Tuesday, December 21, 2010

Deb's Summary Post

After reading “The Dumbest Generation-How the Digital Age Stupefies Young Americans and Jeopardizes Our Future” by Mark Bauerlein, I have a new opinion concerning technology and this generation. I don’t agree with everything that Bauerlein wrote about, but agree he does make some good points. The digital age was supposed to make gaining information easier and thus increase student achievement. Bauerlein repeatedly states facts that go against this statement. He said, “The enhancements and prosperities claimed to turn young Americans into astute global citizens and liberated consumers sometimes actually conspire against intellectual growth.” (Pg. 36) The example he used to describe this statement was, “A middle-class teenager may attend a decent high school and keep a B+ average, pack an iPod and a handheld, volunteer through his church, save for a car, and aim for college, and still not know what the Soviet Union was or how to compute a percentage.” (Pg. 36)

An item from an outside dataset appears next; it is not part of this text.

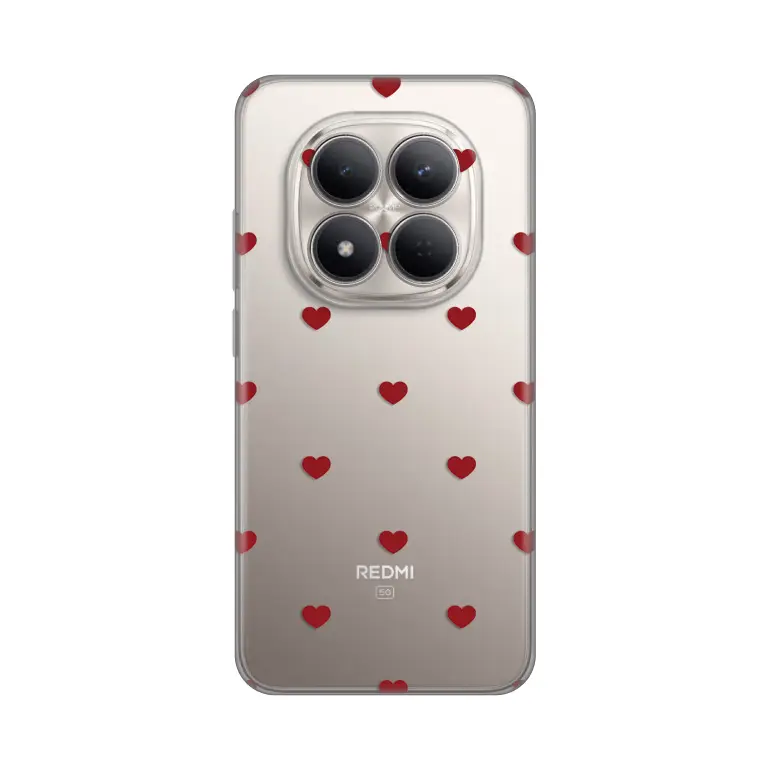 Torbica Silikonska Print za Xiaomi Redmi Note 15 Pro Plus 5G Red Hearts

Unfortunately, I see this happening with my own children. They have learned how to use the technology available to them to socialize with friends, watch movies, and listen to music. What they haven’t learned it how to use it correctly for gathering information. My oldest son is in his first year of college and graduated from a high school that was involved with the laptop program. He has had to submit his assignments electronically for 4 years. Now in a college situation, he is unable to write a rough draft for his English class. He struggles with expanding his thoughts and getting them on paper, but he can download any type of program needed to stay in touch with his peers.
Bauerlein goes on to explain the 2006 report called “How Well Are Students Learning” on page 195. The basic summary of this report states, “Countries with more confident students who enjoy the subject matter—and with teachers who strive to make mathematics relevant to students ‘daily lives—do not do as well as countries that rank lower on indices of confidence, enjoyment, and relevance.“(Pg. 195) What this tells me is that everything that we are asking our public education teachers to do to increase student success and promote that connection to real world aspects, is lowering this group of young adults chance to be a great addition to society, compared to other countries. That’s sad. Students need to learn independence and work habits in order to succeed. We need to step back and reevaluate whether the digital age technology is being an assistive device or a threat to the education of our students.